A quick, colorful stir fry that brings together tender chicken, crisp vegetables, and a sweet-savory sauce. It comes together fast—perfect for a weeknight meal that tastes like you put in way more effort than you did.
1 lb boneless, skinless chicken breast, cut into 1-inch cubes
Salt and pepper, to taste
2 tbsp olive oil, divided
2 cups broccoli florets
1/2 yellow bell pepper, cut into 1-inch pieces
1/2 red bell pepper, cut into 1-inch pieces
1/2 cup baby carrots, sliced
2 tsp minced ginger
2 garlic cloves, minced
Stir Fry Sauce
1 tbsp corn starch
2 tbsp cold water
1/4 cup low sodium chicken broth
3 tbsp low sodium soy sauce
1/4 cup honey
1 tbsp toasted sesame oil
1/2 tsp crushed red pepper flakes
Instructions
Make the Sauce
In a medium bowl, whisk the corn starch with the cold water until smooth.
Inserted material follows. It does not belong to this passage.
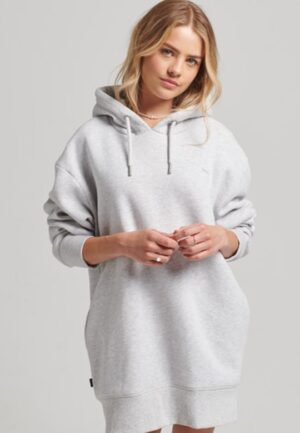 Biologisch Katoenen Sweatjurk met Geborduurd Logo Lichtgrijs Grootte: M/L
Add the chicken broth, soy sauce, honey, toasted sesame oil, and red pepper flakes. Whisk again and set aside.
Cook the Chicken
Warm 1 tablespoon of olive oil in a large skillet or wok over medium-high heat.
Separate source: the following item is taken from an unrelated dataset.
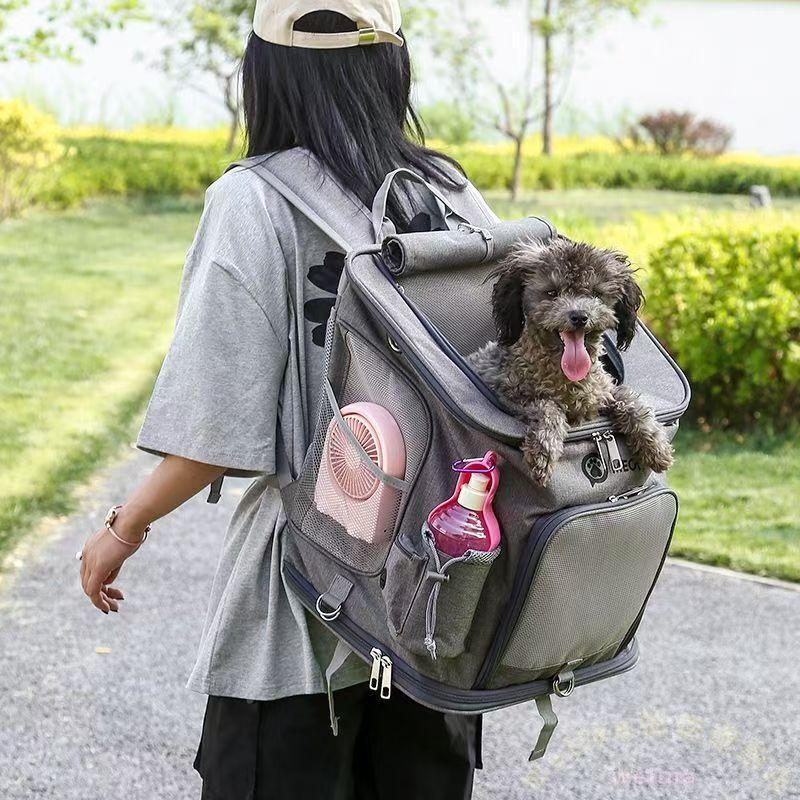 ペットキャリー キャスター付き 猫 犬 小型犬 4WAYリュックキャリー 折りたたみ 通気性 散歩旅行通院 防災用にも安心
Add the chicken (working in batches if the pan is crowded). Season with salt and pepper. Cook for 3–5 minutes, or until the chicken is fully cooked. Transfer the chicken to a plate.
Cook the Vegetables
Lower the heat to medium and pour the remaining tablespoon of oil into the skillet.
Add the broccoli, bell peppers, and carrots. Cook, stirring now and then, until the vegetables are crisp-tender.
Stir in the ginger and garlic and cook for one more minute.
Combine Everything
Return the cooked chicken to the pan and mix it in with the vegetables.
Give the sauce a quick whisk, then pour it into the skillet. Stir gently to coat everything.
Bring the sauce to a boil and let it bubble for one minute.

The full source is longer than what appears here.